MMM : la fermeture de MegaUpload... c'est Sarkozy ?
La députée Muriel Marland-Militello présente Nicolas Sarkozy comme l'homme qui a dit non et établit une forme de lien avec la fermeture de MegaUpload.
Muriel Marland-Militello - qui a notamment été le rapporteur du projet de loi Hadopi pour la commission des affaires culturelles de l'Assemblée nationale - ne dit évidemment pas que c'est Nicolas Sarkozy qui a fait fermer le site MegaUpload. Néanmoins, il y a de quoi être déconcerté avec ses déclarations repérées par Numerama.

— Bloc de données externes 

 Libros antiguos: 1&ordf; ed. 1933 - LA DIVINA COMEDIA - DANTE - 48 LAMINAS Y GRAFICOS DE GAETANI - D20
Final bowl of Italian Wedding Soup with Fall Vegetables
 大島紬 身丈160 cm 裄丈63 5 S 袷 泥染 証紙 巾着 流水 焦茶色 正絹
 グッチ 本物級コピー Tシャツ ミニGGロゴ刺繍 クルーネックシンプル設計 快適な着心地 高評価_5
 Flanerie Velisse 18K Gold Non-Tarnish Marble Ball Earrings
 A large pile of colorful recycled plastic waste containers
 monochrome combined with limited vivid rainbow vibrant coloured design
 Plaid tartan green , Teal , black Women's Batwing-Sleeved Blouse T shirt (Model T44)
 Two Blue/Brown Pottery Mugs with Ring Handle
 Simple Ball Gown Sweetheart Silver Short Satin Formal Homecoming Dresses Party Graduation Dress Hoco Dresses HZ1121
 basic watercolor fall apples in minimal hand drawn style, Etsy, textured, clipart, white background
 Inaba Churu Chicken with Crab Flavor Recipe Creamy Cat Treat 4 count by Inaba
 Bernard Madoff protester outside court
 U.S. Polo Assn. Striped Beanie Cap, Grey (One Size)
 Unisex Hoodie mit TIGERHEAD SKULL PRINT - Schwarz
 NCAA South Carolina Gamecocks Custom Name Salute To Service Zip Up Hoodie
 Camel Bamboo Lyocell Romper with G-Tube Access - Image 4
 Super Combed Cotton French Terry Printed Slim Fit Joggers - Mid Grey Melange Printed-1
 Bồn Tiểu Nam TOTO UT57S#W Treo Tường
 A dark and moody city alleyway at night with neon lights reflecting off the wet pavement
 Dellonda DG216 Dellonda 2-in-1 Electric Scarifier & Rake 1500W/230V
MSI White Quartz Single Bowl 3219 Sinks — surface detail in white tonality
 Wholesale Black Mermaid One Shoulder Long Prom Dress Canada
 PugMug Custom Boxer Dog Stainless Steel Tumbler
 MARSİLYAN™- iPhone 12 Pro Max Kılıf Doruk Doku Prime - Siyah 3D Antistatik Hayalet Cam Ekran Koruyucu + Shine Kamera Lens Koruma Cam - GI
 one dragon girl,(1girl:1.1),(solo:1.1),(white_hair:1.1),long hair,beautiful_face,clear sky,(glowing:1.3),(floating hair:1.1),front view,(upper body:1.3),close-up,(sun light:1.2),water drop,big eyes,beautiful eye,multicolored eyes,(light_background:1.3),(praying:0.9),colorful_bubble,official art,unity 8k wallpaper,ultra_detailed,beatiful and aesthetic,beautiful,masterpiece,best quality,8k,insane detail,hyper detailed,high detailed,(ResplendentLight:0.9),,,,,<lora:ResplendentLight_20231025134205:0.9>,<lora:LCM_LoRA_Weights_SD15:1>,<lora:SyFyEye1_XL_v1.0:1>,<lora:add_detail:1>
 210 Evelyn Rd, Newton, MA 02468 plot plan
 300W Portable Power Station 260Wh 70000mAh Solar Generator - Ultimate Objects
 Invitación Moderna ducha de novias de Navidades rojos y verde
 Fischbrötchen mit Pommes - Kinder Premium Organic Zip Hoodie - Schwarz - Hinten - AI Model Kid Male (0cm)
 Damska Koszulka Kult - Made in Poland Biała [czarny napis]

La députée UMP semble établir une forme de lien entre les prises de position de Nicolas Sarkozy et la fermeture du MegaUpload orchestrée par les autorités américaines. Comment en effet interpréter une telle déclaration :
" C'est grâce aux initiatives de notre président de la République Nicolas Sarkozy que la communauté internationale est décidée à ne plus céder à un certain fatalisme qui pouvait exister en la matière. Cette décision de justice ( ndlr : affaire MegaUpload ) en est une illustration. "
Sur son blog, la députée présente Nicolas Sarkozy comme " l'homme qui a dit non ", le seul qui a eu " le courage de s'attaquer vraiment au piratage et de chercher des solutions pérennes favorables à la démocratisation culturelle ". De quoi quasiment le faire entrer dans la postérité ou plutôt " l'histoire de la culture ". Rien que ça.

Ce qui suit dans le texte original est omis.